[Spatial localization data]

☆ ☆ ☆ ☆

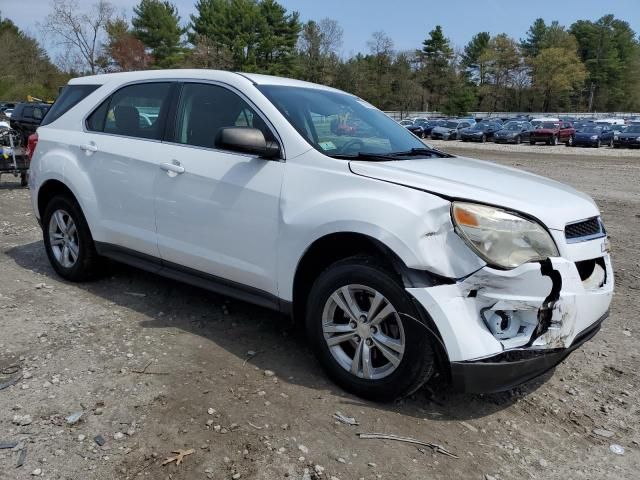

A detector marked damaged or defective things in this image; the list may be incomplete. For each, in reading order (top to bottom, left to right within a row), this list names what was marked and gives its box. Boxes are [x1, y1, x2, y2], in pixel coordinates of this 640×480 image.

broken headlight [450, 202, 560, 270]
crumpled bumper [408, 236, 612, 390]
front end damage [408, 248, 612, 394]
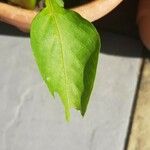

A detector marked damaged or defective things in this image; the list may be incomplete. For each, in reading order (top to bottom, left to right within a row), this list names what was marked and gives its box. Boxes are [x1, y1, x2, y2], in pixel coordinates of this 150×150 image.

crack in concrete [2, 88, 31, 150]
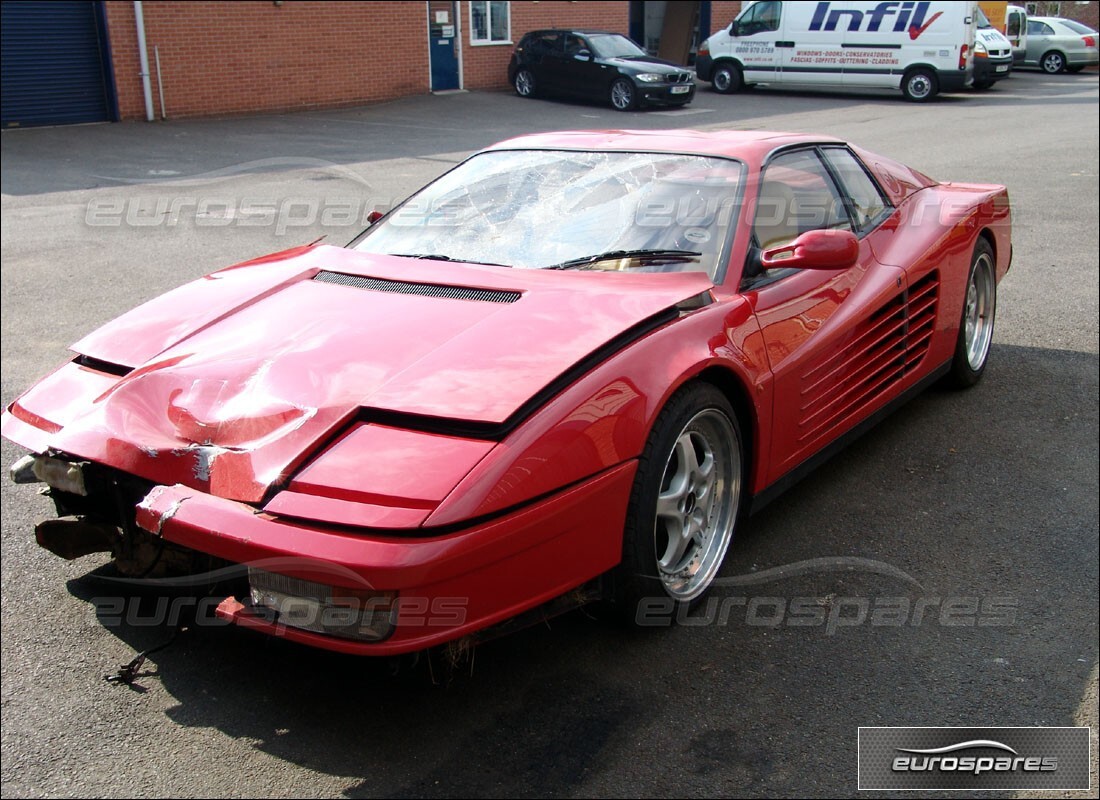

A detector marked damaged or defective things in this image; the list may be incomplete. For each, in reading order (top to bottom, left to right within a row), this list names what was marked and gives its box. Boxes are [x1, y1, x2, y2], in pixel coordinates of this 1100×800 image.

☆ ☆ ☆ ☆

§ **Brief**: The records above must be printed exactly; the pictures stay out.

§ **Task response**:
A detector marked damaged or defective things in this image; the list may be incomplete. For each, in reading order (top to bottom, left to right within a row), this list names what was marked and gives its box. Boxes are [x1, y1, x2, y2], in pixel coordinates of this 640×480 image.

broken headlight [450, 202, 560, 270]
crumpled bumper [408, 236, 612, 390]
front end damage [408, 248, 612, 394]

A detector marked damaged or defective things in this image; the list may be incomplete. For each, in reading order (top to bottom, left to right within a row), this list names what was marked and gives its box. Boxes are [x1, y1, x2, y2], in pixel coordinates of this 150×150 image.

crack in concrete [2, 88, 31, 150]

A detector marked damaged or defective things in this image; the list may be incomplete. For each, in reading order (top to bottom, left to right within a row), this list names what was marked and gives its box. Boxes are [x1, y1, x2, y2], in pixel coordinates of this 1100×800 image.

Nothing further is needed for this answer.